Results from an early-stage clinical trial called APPROACH show that an investigational HIV vaccine regimen was well-tolerated and generated immune responses against HIV in healthy adults. The APPROACH findings, as well as results expected in late 2017 from another early-stage clinical trial called TRAVERSE, will form the basis of the decision whether to move forward with a larger trial in southern Africa to evaluate vaccine safety and efficacy among women at risk of acquiring HIV.

The APPROACH results were at the 9th International AIDS Society Conference on HIV Science in Paris.

The experimental vaccine regimens evaluated in APPROACH are based on "mosaic" vaccines designed to induce immunological responses against a wide variety of HIV subtypes responsible for HIV infections globally. Different HIV subtypes, or clades, predominate in various geographic regions around the world. The National Institute of Allergy and Infectious Diseases (NIAID), part of the National Institutes of Health, funded pre-clinical development of these vaccines. Together with other partners, NIAID supported the APPROACH trial, which is sponsored by Janssen Vaccines & Prevention B.V., part of the Janssen Pharmaceutical Companies of Johnson & Johnson. The manufacture and clinical development of the mosaic vaccines are led by Janssen.

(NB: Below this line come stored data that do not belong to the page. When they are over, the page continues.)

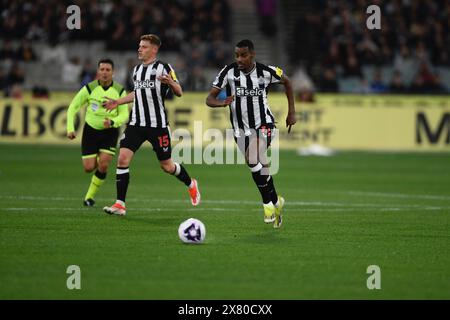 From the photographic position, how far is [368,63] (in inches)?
1259

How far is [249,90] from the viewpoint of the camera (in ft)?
40.4

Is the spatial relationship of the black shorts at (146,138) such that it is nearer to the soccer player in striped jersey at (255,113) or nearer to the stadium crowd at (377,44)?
the soccer player in striped jersey at (255,113)

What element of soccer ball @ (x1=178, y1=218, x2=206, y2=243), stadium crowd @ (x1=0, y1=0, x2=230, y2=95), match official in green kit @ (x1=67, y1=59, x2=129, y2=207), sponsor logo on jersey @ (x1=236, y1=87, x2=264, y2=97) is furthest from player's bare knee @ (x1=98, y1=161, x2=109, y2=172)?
stadium crowd @ (x1=0, y1=0, x2=230, y2=95)

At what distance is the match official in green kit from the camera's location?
1450 centimetres

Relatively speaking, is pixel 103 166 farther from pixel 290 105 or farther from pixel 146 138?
pixel 290 105

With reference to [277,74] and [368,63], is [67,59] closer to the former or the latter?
[368,63]

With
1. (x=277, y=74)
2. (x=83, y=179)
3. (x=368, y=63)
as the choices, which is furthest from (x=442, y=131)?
(x=277, y=74)

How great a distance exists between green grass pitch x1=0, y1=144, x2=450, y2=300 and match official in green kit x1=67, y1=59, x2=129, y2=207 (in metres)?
0.57

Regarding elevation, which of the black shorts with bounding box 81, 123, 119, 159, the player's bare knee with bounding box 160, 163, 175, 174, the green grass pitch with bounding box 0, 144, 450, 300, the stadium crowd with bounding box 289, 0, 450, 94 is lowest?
the green grass pitch with bounding box 0, 144, 450, 300

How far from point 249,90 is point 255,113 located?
308 mm

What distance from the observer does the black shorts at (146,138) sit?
13211 millimetres

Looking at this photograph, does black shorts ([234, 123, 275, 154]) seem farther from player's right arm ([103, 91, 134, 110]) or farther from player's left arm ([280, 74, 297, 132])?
player's right arm ([103, 91, 134, 110])

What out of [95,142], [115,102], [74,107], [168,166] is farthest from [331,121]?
[115,102]

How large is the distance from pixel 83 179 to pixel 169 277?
1063cm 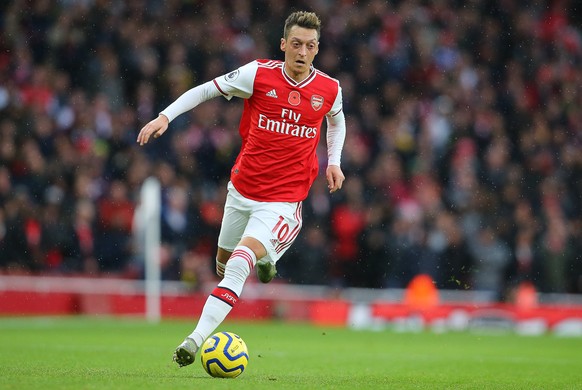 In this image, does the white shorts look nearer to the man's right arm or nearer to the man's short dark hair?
the man's right arm

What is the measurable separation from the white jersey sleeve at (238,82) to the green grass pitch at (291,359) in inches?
85.2

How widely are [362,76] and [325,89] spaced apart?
1343 centimetres

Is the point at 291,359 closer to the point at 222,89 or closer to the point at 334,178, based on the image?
the point at 334,178

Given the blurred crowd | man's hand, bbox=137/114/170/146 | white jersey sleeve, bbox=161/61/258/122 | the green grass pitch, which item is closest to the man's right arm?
white jersey sleeve, bbox=161/61/258/122

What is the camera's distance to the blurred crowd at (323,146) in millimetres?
17859

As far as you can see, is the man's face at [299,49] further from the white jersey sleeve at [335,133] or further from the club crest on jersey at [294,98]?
the white jersey sleeve at [335,133]

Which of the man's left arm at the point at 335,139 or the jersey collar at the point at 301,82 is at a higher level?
the jersey collar at the point at 301,82

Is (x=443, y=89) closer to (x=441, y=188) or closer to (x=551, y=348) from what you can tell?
(x=441, y=188)

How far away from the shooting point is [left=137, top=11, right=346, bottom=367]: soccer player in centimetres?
852

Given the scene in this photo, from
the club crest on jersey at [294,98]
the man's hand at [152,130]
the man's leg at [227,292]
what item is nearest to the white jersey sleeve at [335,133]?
the club crest on jersey at [294,98]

"A safe and effective HIV vaccine would be a powerful tool to reduce new HIV infections worldwide and help bring about a durable end to the HIV/AIDS pandemic," said NIAID Director Anthony S. Fauci, M.D. "By exploring multiple promising avenues of vaccine development research, we expand our opportunities to achieve these goals."

APPROACH involved nearly 400 volunteers in the United States, Rwanda, Uganda, South Africa and Thailand who were randomly assigned to receive one of seven experimental vaccine regimens or a placebo. APPROACH found that different mosaic vaccine regimens were well-tolerated and capable of generating anti-HIV immune responses in healthy, HIV-negative adults. Notably, the vaccine regimen that was most protective in pre-clinical studies in animals elicited among the greatest immune responses in the study participants. However, further research will be needed because the ability to elicit anti-HIV immune responses does not necessarily indicate that a candidate vaccine regimen can prevent HIV acquisition.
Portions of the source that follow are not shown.